LGBT eylemcilerinin karşı eylemcilere yönelik saldırılarının hatırlatıldığı açıklamada, gökkuşağı rengi bayrakların baskı, pedofili, şiddet ve tecavüzü temsil ettiği paylaşıldı. Ülkedeki LGBT propagandasına yönelik tepkiler bununla da sınırlı değil. İktidarda olan PiS (Hukuk ve Adalet Partisi), siyasetinde LGBT ideolojisinin Polon kültür ve geleneklerine saldırı olduğunu ifade ediyor.

Polonya Cumhurbaşkanı Adrzej Duda da 2020’de yaptığı bir açıklamasında “bizi insan olduklarına yönelik ikna etmeye çalışıyorlar. Hâlbuki bu sadece bir ideoloji” açıklaması yapmıştı.

Macaristan'da eşcinsellik karşıtı yasa tasarısı

Macaristan’da bir süredir gündemde olan ve tartışma yaratan "okullarda eşcinsellik bilgisi verilmesini" yasaklayan tasarı onaylanmıştı.

Okullarda eşcinsellik ya da cinsiyet değiştirme ameliyatı ile ilgili bilgi ve eğitim verilmemesini isteyen Macaristan yönetimi, LGBT ile ilgili bilgilerin okullardan uzaklaştırılmasını talep etti.

İktidardaki Fidesz Partisi, torba yasanın içine okullarda LGBT eğitiminin yasaklanmasının yanı sıra pedofiliye de çok sert cezalar getirmişti. Pedofili cezası da aynı torba yasada olduğu için muhalefet LGBT önerisini de onaylamak zorunda kaldı.

Onaylanan yasa doğrultusunda 18 yaşın altındakilere eşcinsellik ya da cinsiyet değiştirme ile ilgili bilgi verilemeyecek ve ayrıca reklamlarda da bu yönde bir eğilim olmayacak.

İtalya'dan eşcinsel çiftlere engel

İtalya'nın kuzeyindeki Padua kentinde savcılık, 2017 yılından bu yana lezbiyen çiftlerin sahip olduğu 33 çocuğun doğum belgesinin iptalini istedi.

Savcının bu girişimi, İtalya'daki eşcinsel ailelere getirdiği yasal engelleri gün yüzüne çıkaran örneklerden biri oldu.

Padua savcısının girişimi, özellikle İtalya'da eşcinsellerin haklarını savunan milletvekillerinin tepkisine yol açtı. "Bu çocuklar yargı emriyle öksüz bırakılıyor." diyen merkez sol milletvekili Alessandro Zan, kararı acımasız ve insanlık dışı olarak tanımladı.
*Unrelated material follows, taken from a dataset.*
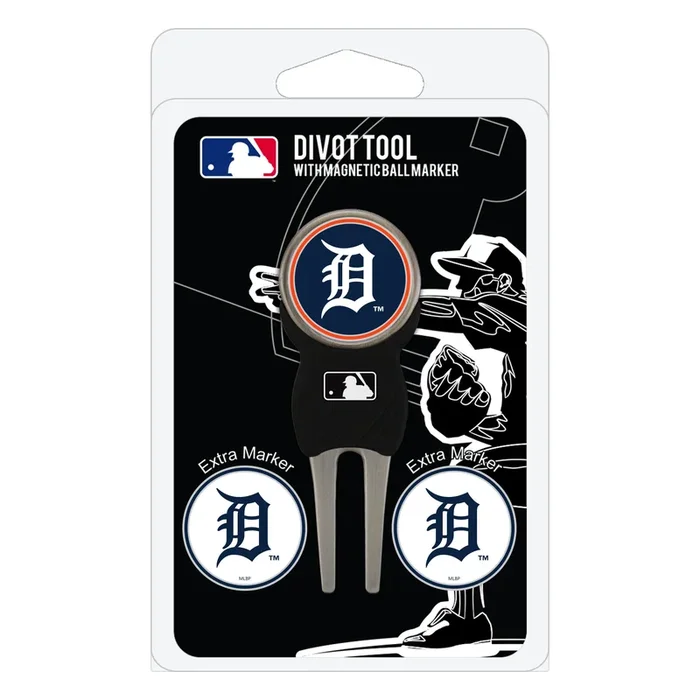MLB Unisex Cool Divot Tool with Golf Ball Marker (Detroit Tigers)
Hükümet ise savcının kararını savundu. Parlamentoyla İlişkiler Bakanı Luca Cirai bir radyo programında yaptığı açıklamada "İtalya'da evlilik yalnızca kadın ve erkek arasındadır ve bu nedenle yalnızca biyolojik ebeveynin adı kayda girer." dedi.

Taşıyıcı anneliğe hapis cezası önerildi

Öte yandan İtalya parlamentosunun alt kanadı, taşıyıcı anneliği iki yıla kadar hapis cezası gerektiren bir suç haline getiren yasa tasarısını tartışıyor.

Tasarının yasalaşması halinde, çiftler Amerika Birleşik Devletleri ve Kanada gibi taşıyıcı anneliğin yasal olduğu ülkelerde bebek sahibi olsalar bile bu düzenleme kapsamında suç işlemiş sayılabilecek.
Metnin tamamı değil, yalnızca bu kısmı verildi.